Integration among disciplines: Throughout ICZM, knowledge should be accepted from all disciplines. All means of scientific, cultural, traditional, political and local expertise need to be accounted for. By including all these elements a truly holistic approach towards management can be achieved.

The term integration in a coastal management context has many horizontal and vertical aspects, which reflects the complexity of the task and it proves a challenge to implement.


Successful implementation is still a major challenge to the idea of ICZM .

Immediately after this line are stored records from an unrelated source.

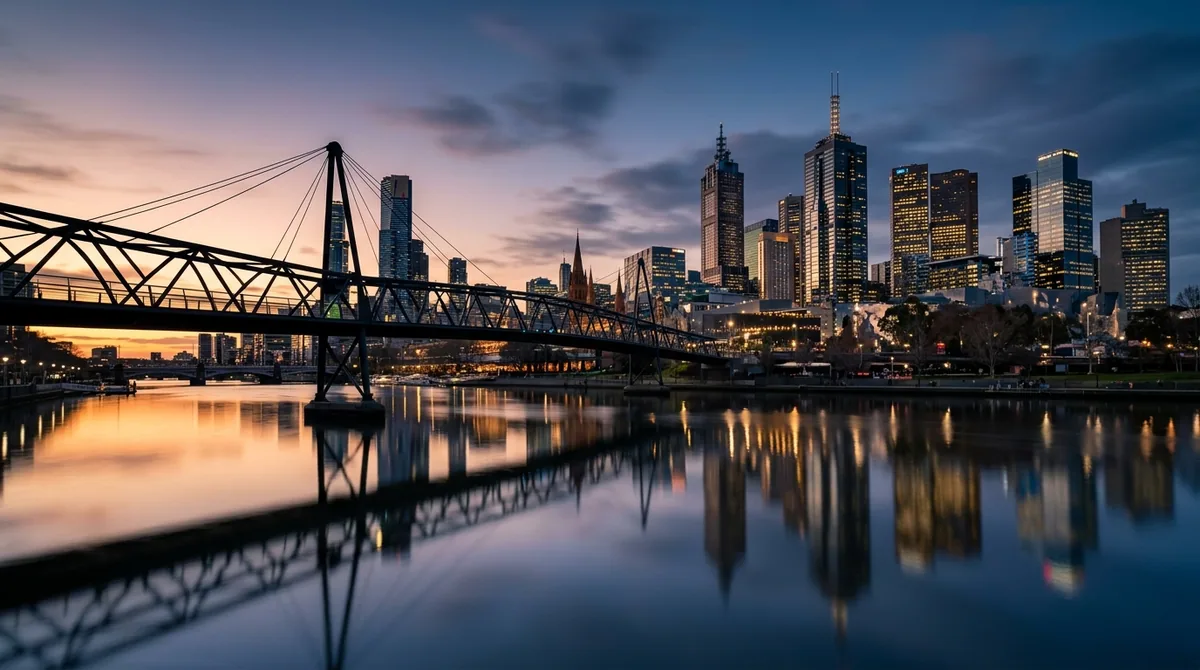 The Melbourne skyline reflected in the Yarra River at golden hour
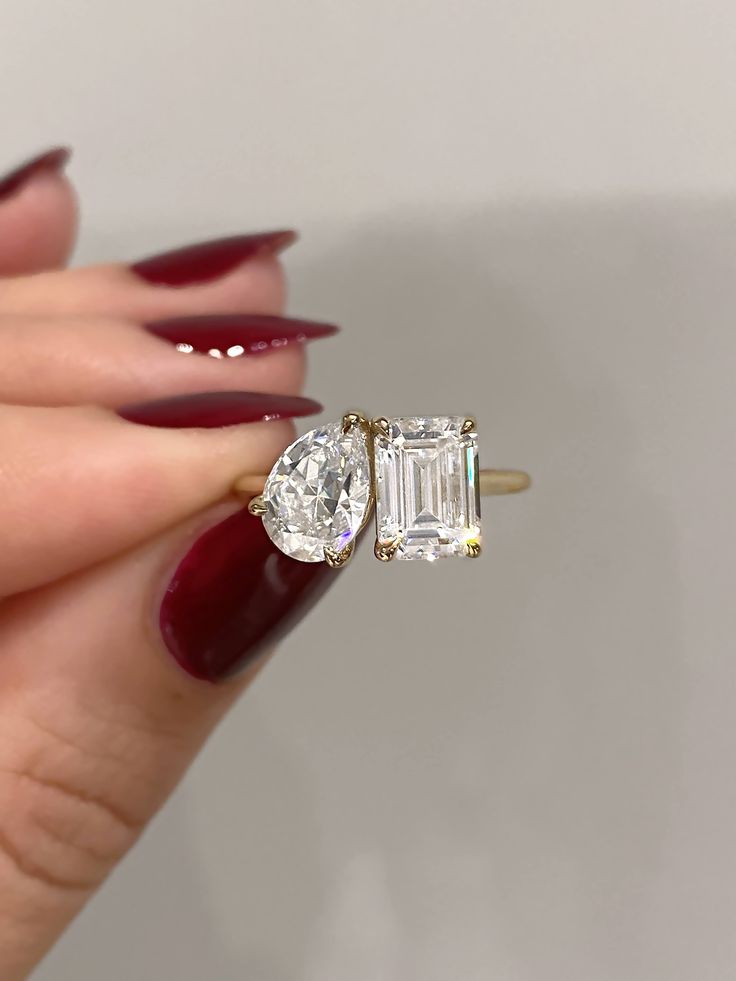 a woman's hand holding an engagement ring with two diamonds on it and red nails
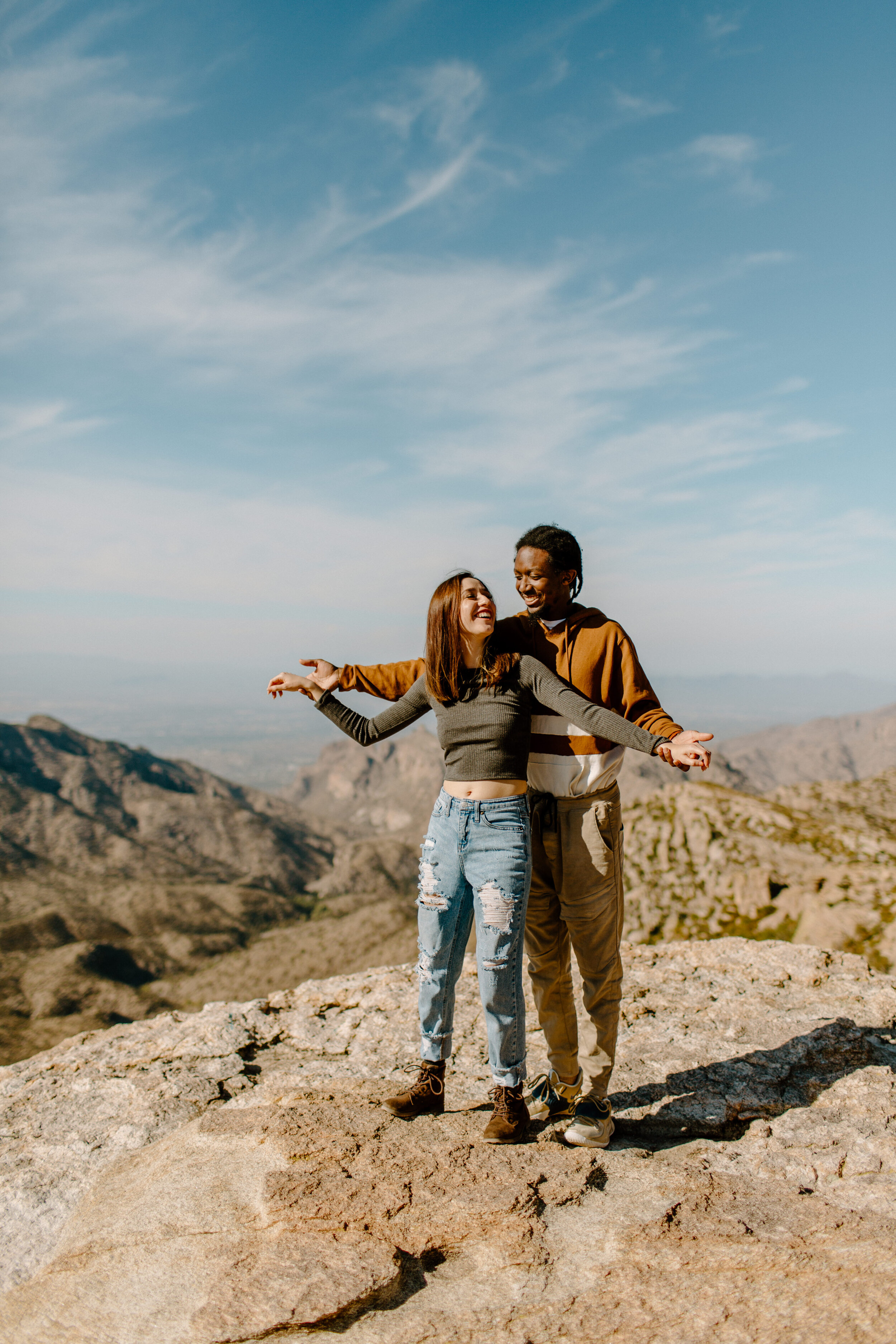  Couple smiles at each other as woman stands in front of her boyfriend and he holds her hands out like an airplane. Mountain view in the background at Windy Point on Mount Lemmon in Tucson Arizona. Arizona couples photographer, Lucy B. Photography.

Top-down and bottom-up approach

Major constraints of ICZM are mostly institutional, rather than technological.[10] The ‘top-down’ approach of administrative decision making sees problematisation as a tool promoting ICZM through the idea of sustainability.[10] Community-based ‘bottom-up’ approaches can perceive problems and issues that are specific to a local area. The benefit of this is that the problems are real and acknowledged rather than searched for to fit an imposed strategy or policy. Public consultation and involvement is very important for current ‘top-down’ approaches, as it can incorporate this ‘bottom-up’ idea into the policies made. Prescriptive ‘top-down’ methods have not able to effectively address problems of resource utilization in poor coastal communities as perceptions of the coastal zone differ with regard to developed and developing countries.[10] This leads on to another constraint to ICZM, the idea of common property.

Human factors

The coastal environment has huge historical and cultural connections with human activity. Its wealth of resources have provided for millennia, with regard to ICZM how does management become legally binding if the dominant perception of the coast is of a common area available to all? And should it?[6] Enforcing restrictions or change to activities within the coastal zone can be difficult as these resources are often very important to people's livelihoods. The idea of the coast being common property fouls ‘top-down’ approaches. The idea of common property itself is not all that clean, This perception can lead to cumulative exploitation of resources – the very problem this management seeks to extinguish.


European Union

The European Parliament and the European Council "adopted in 2002 a Recommendation on Integrated Coastal Zone Management which defines the principles sound coastal planning and management. These include the need to base planning on sound and shared knowledge, the need to take a long-term and cross-sector perspective, to pro-actively involve stakeholders and the need to take into account both the terrestrial and the marine components of the coastal zone".[16]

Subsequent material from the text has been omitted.